What to do - The job is to output exactly the lines that run from the start of the entries through the line containing "Elbow Lateral Projection", pictures omitted.

Recorded information -

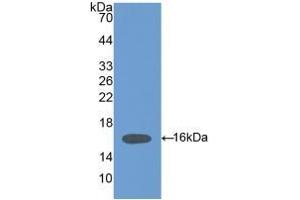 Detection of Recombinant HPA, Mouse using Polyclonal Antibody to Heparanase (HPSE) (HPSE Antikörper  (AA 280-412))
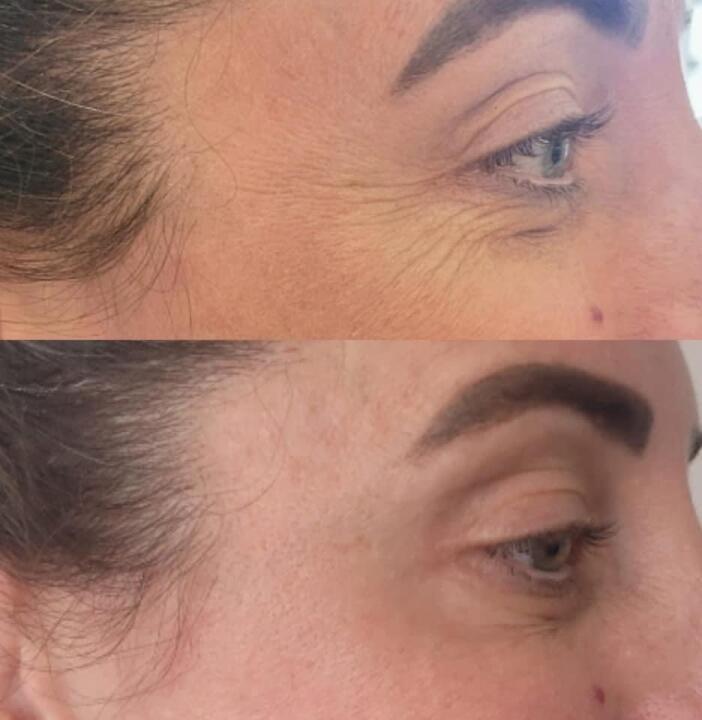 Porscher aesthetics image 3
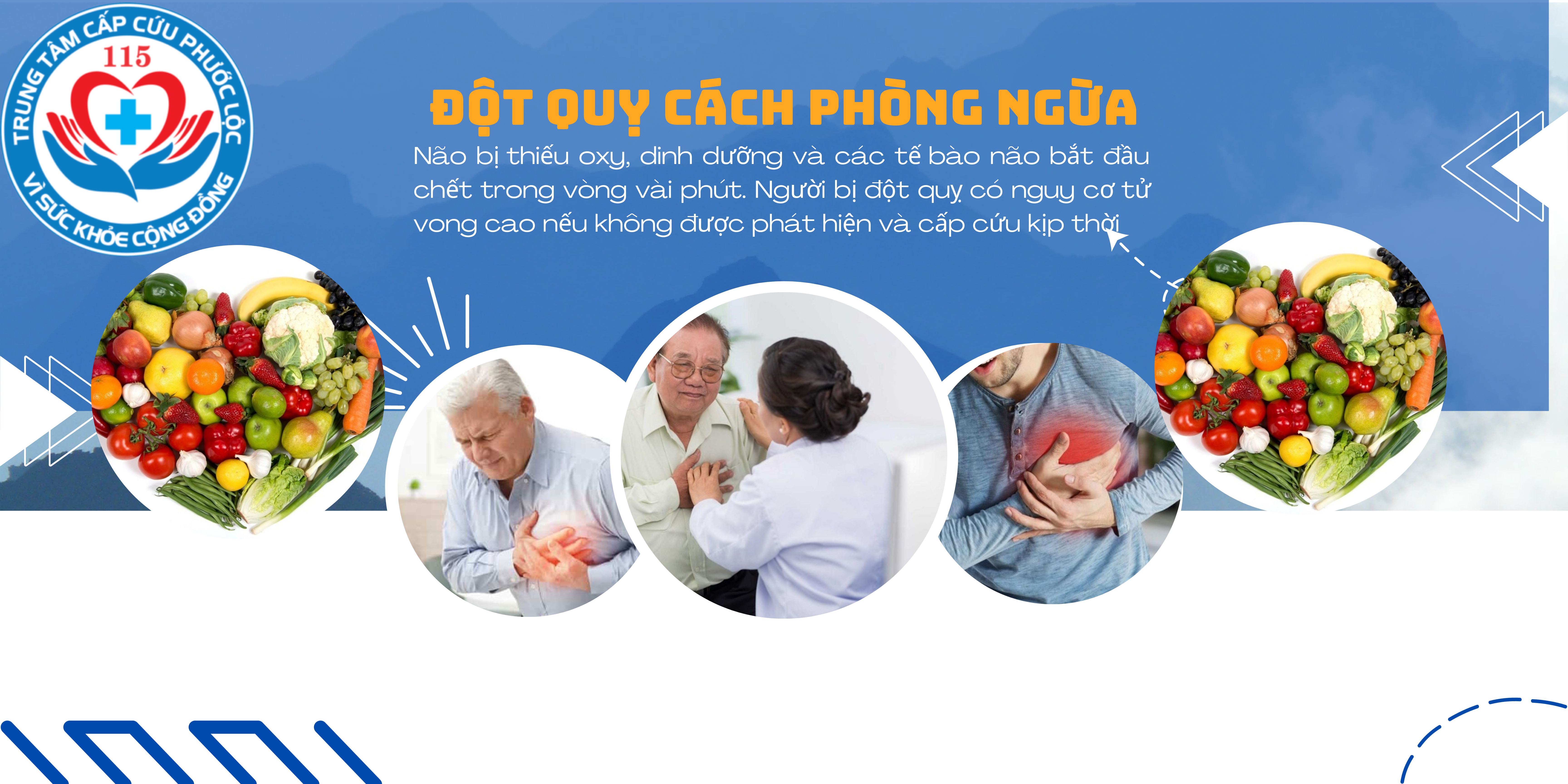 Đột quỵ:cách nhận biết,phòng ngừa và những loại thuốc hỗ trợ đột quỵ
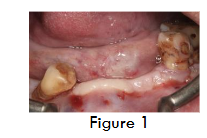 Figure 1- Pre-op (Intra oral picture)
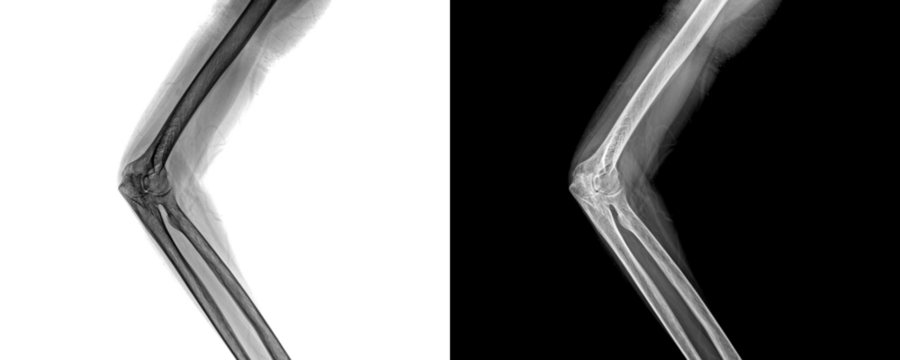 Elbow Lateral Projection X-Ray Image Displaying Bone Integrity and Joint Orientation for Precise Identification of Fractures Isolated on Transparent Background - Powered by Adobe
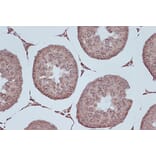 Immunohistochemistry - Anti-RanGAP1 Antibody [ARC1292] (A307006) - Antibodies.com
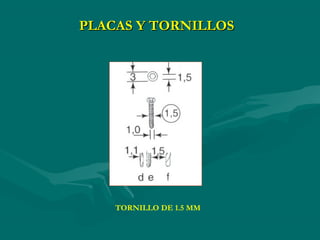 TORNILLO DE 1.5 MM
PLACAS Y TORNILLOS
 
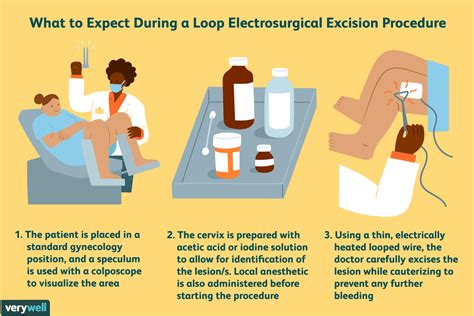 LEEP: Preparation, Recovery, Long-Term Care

Solution for this exercise -
 Detection of Recombinant HPA, Mouse using Polyclonal Antibody to Heparanase (HPSE) (HPSE Antikörper  (AA 280-412))
 Porscher aesthetics image 3
 Đột quỵ:cách nhận biết,phòng ngừa và những loại thuốc hỗ trợ đột quỵ
 Figure 1- Pre-op (Intra oral picture)
 Elbow Lateral Projection X-Ray Image Displaying Bone Integrity and Joint Orientation for Precise Identification of Fractures Isolated on Transparent Background - Powered by Adobe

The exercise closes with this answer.